**Recorded data**:
Content starts
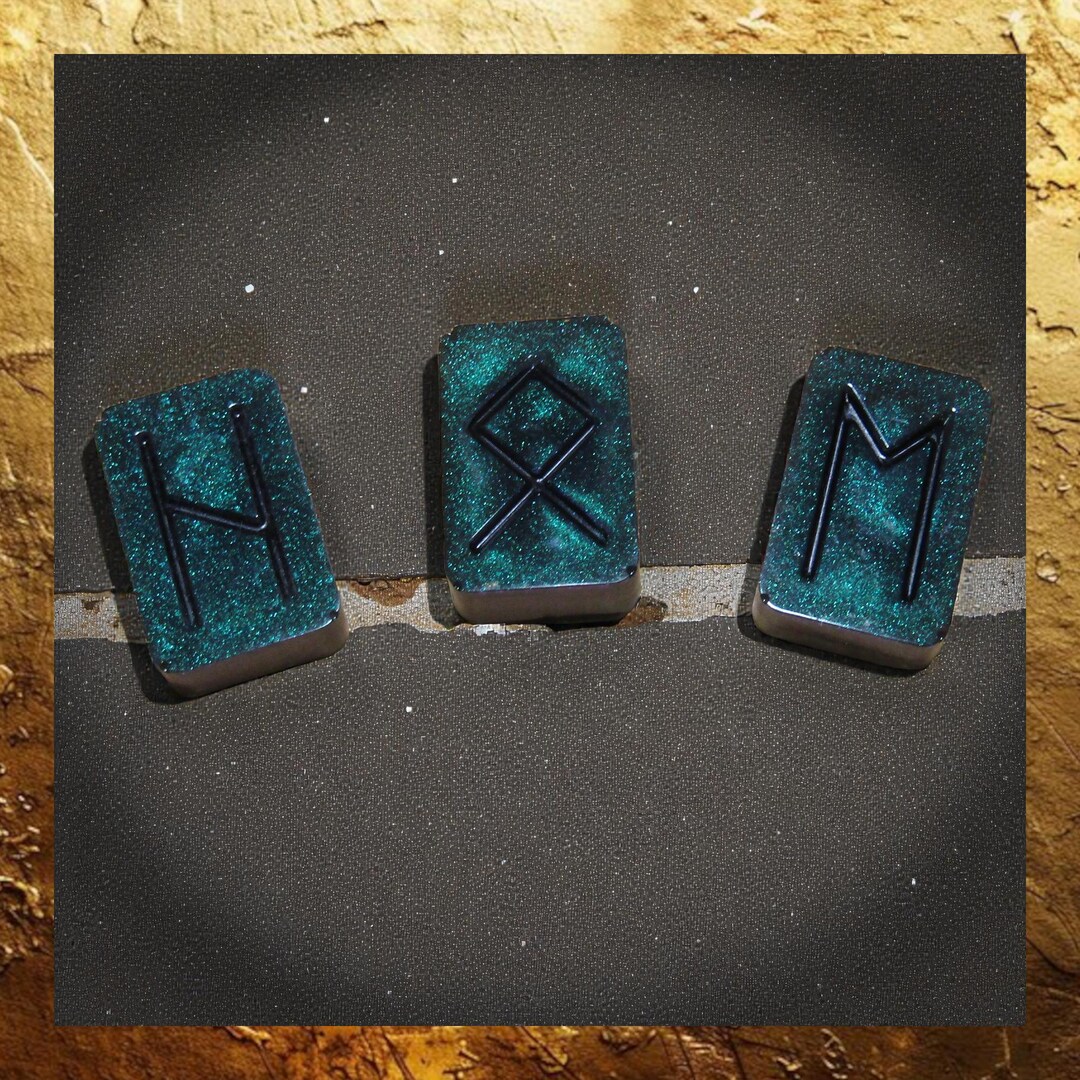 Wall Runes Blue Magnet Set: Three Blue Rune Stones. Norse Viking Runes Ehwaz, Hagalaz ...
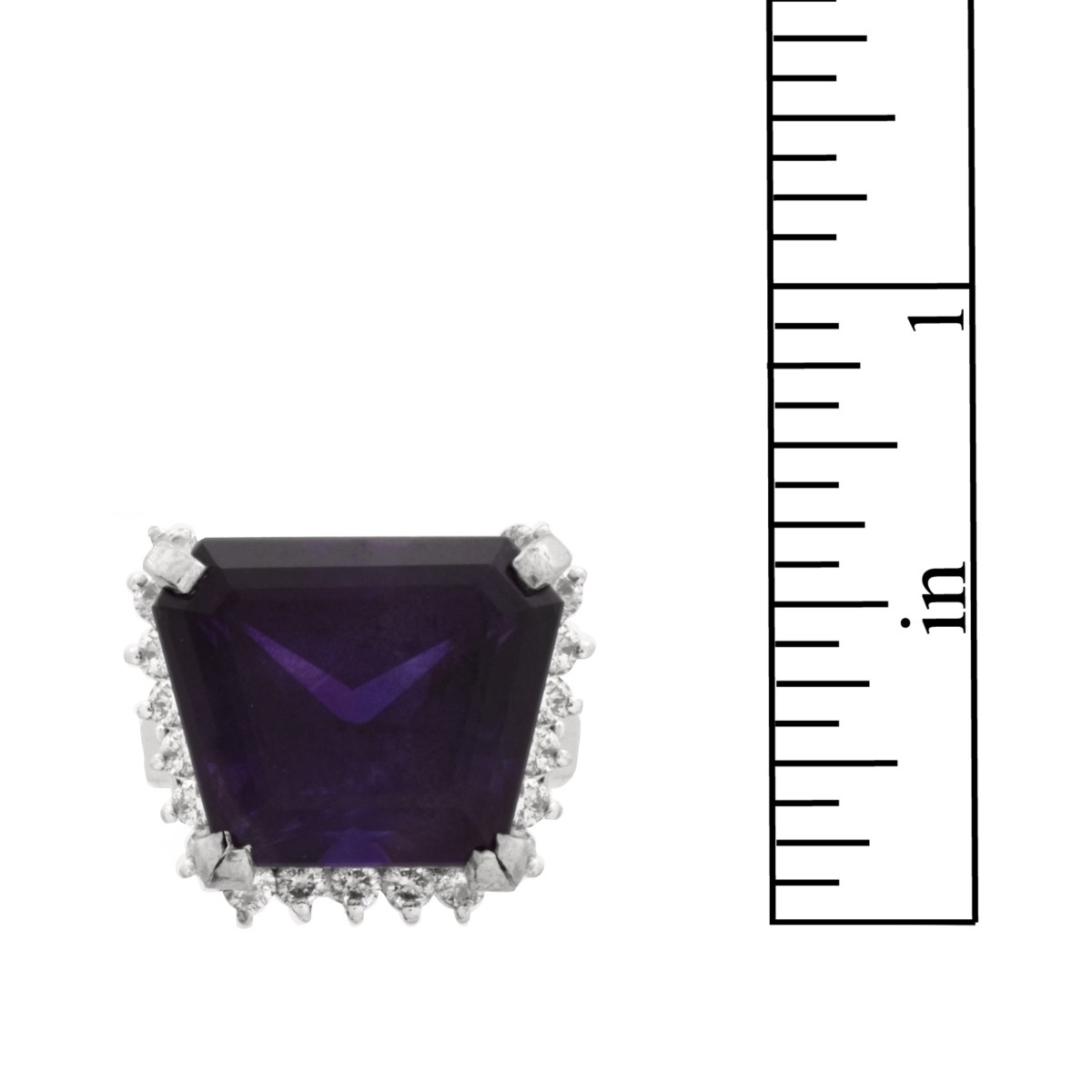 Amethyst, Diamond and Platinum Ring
Content ends
Content starts
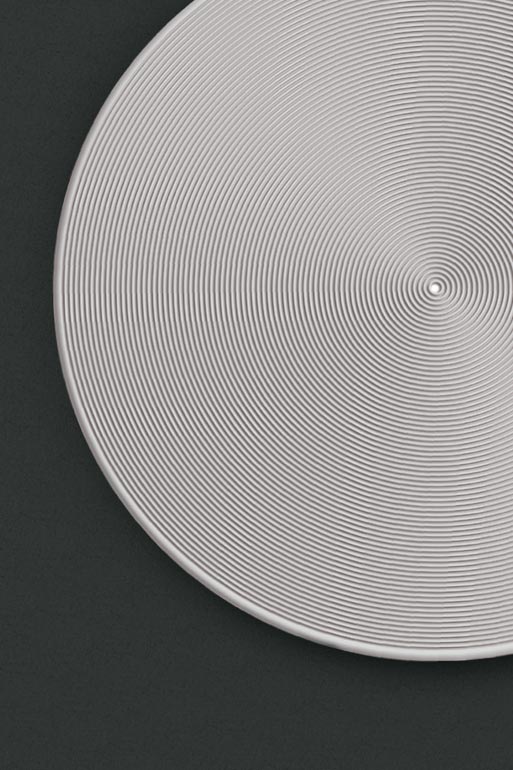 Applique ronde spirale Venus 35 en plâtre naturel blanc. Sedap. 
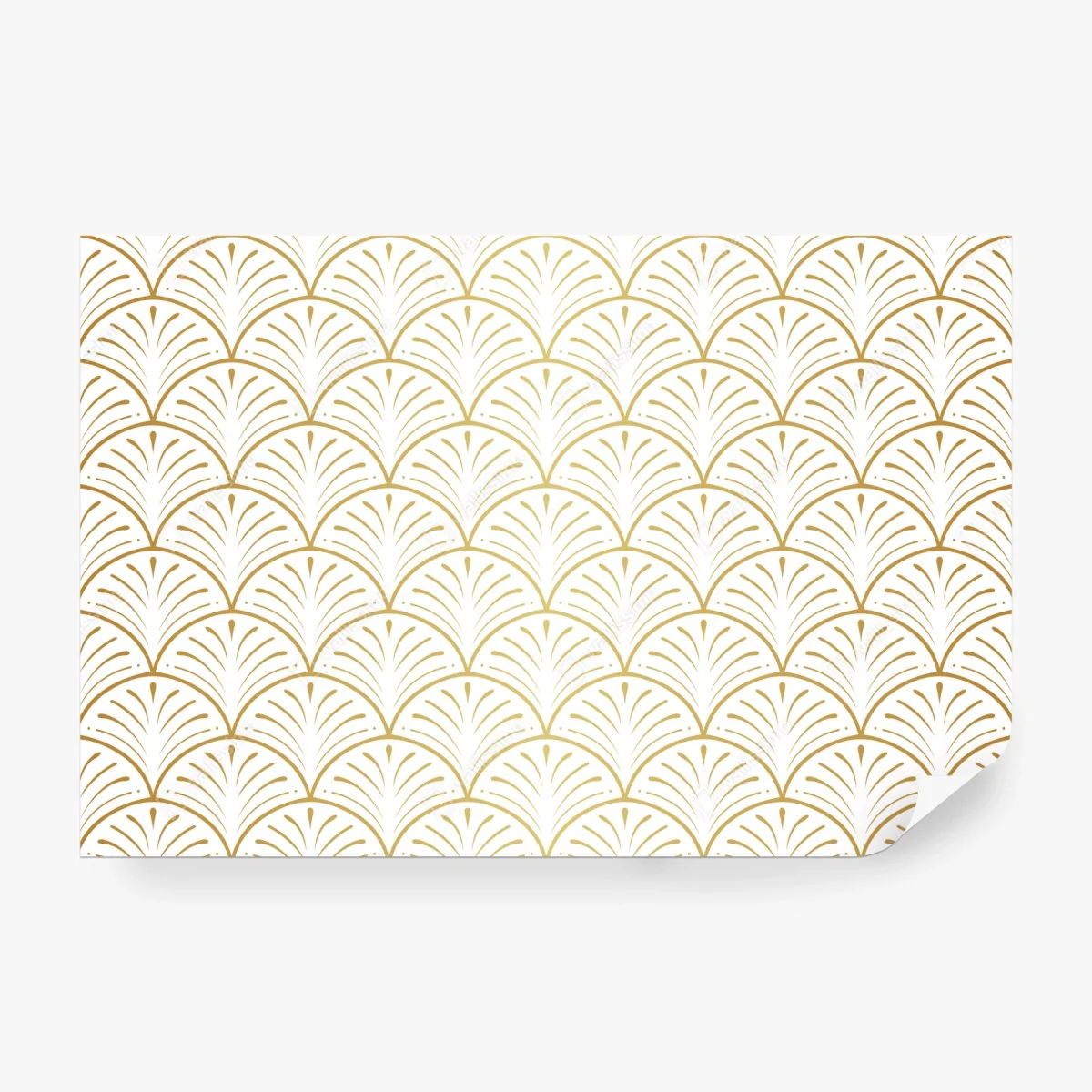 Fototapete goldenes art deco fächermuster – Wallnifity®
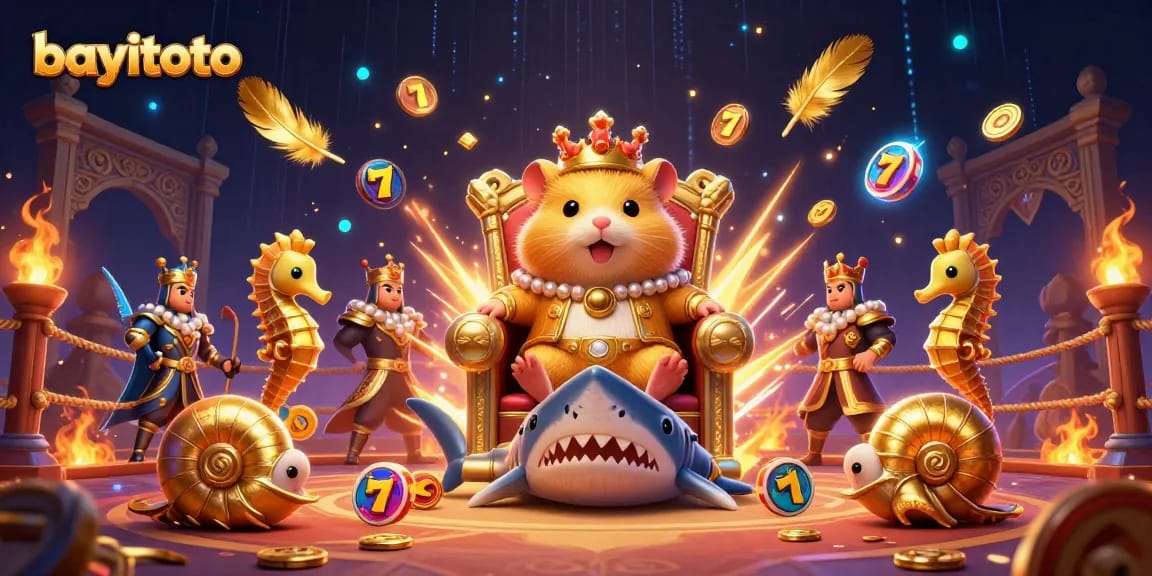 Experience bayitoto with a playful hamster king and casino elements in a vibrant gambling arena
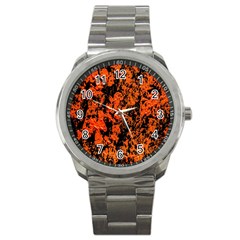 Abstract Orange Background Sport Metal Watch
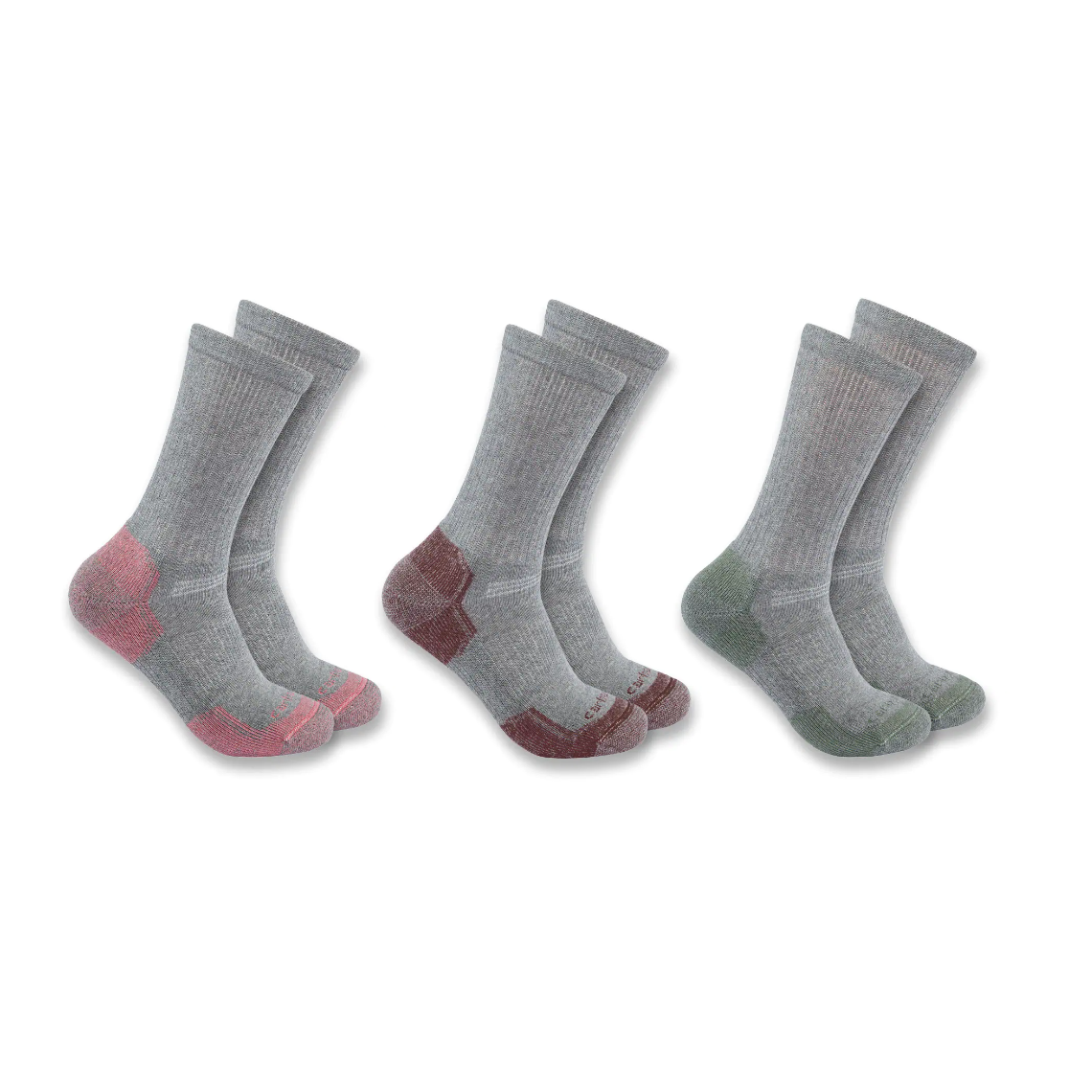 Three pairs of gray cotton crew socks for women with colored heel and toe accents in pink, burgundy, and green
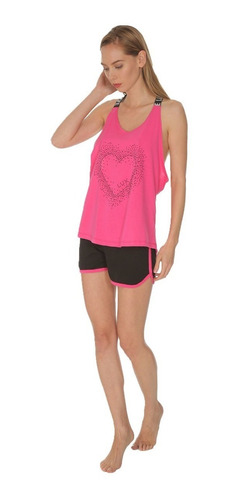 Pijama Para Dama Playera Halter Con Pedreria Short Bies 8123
Content ends
Content starts
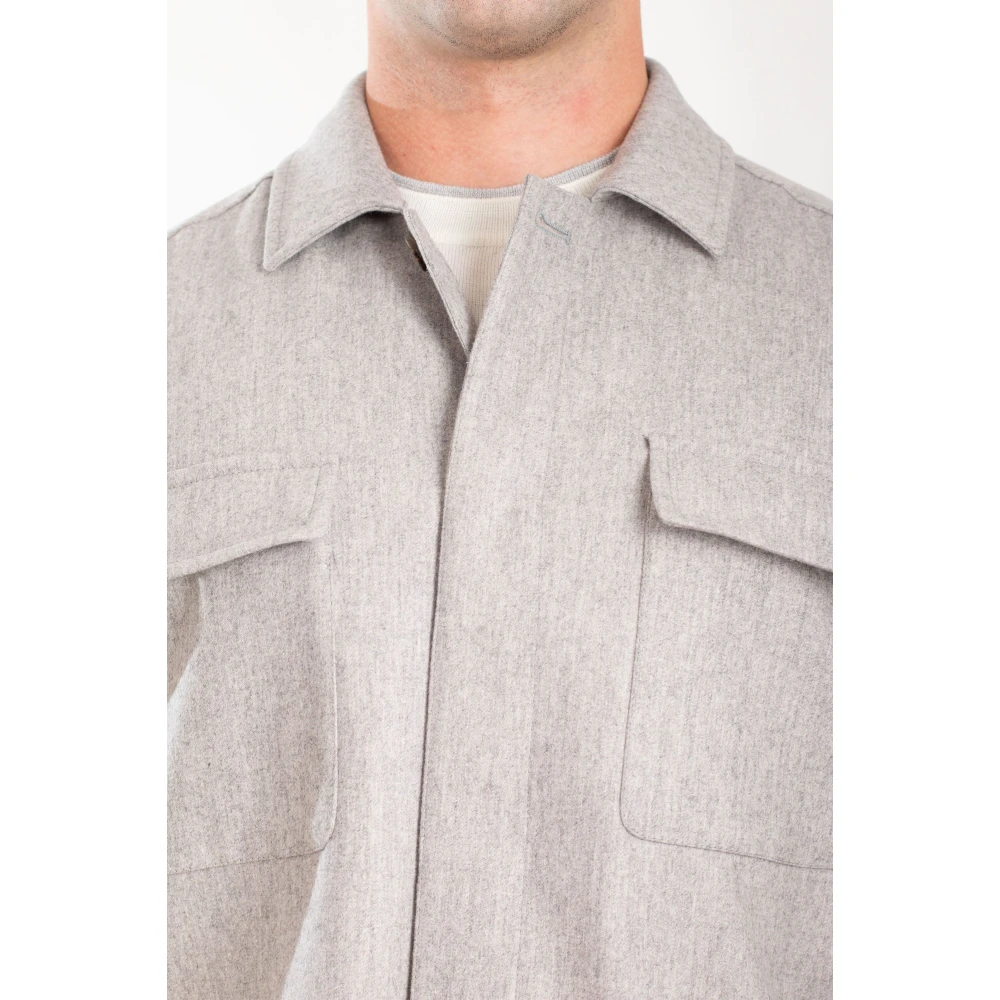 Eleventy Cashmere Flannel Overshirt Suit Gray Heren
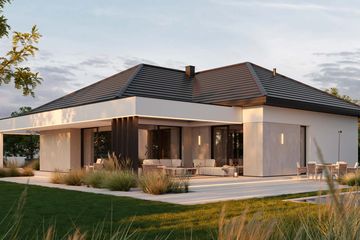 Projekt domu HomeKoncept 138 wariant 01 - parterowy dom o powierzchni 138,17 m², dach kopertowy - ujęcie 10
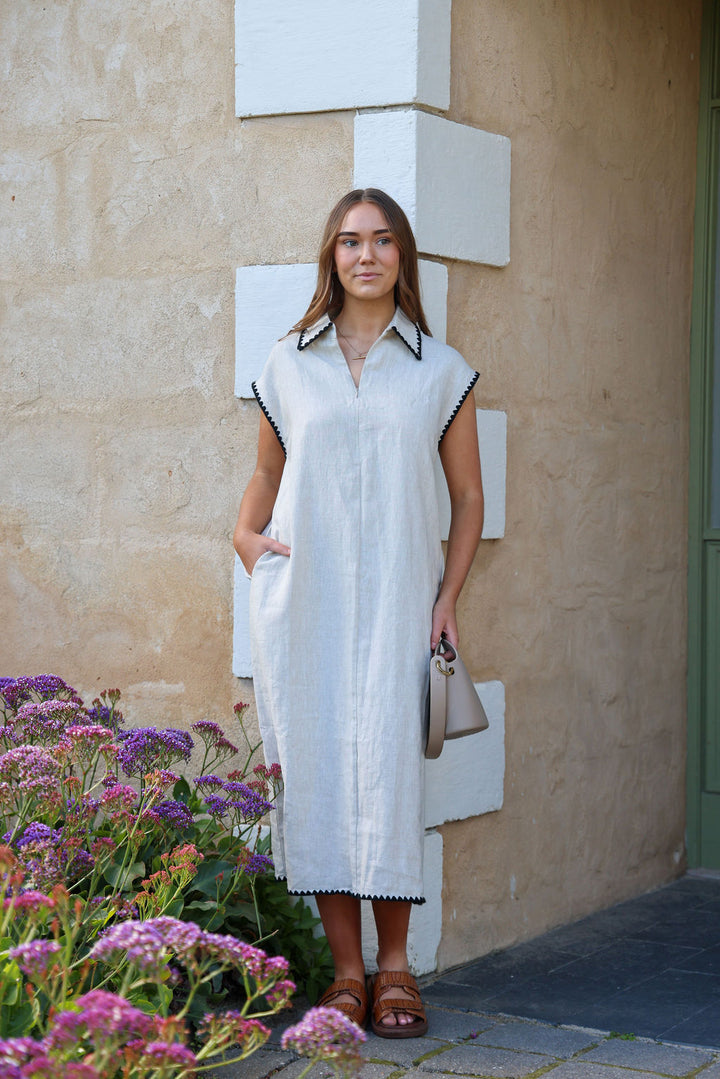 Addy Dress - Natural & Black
Content ends
**Aim of the exercise**:
"Projekt domu HomeKoncept" marks the first line to copy, and "Addy Dress - Natural & Black" marks the last. Repeat that stretch above exactly, with no pictures.

**Exercise solution**:
 Projekt domu HomeKoncept 138 wariant 01 - parterowy dom o powierzchni 138,17 m², dach kopertowy - ujęcie 10
 Addy Dress - Natural & Black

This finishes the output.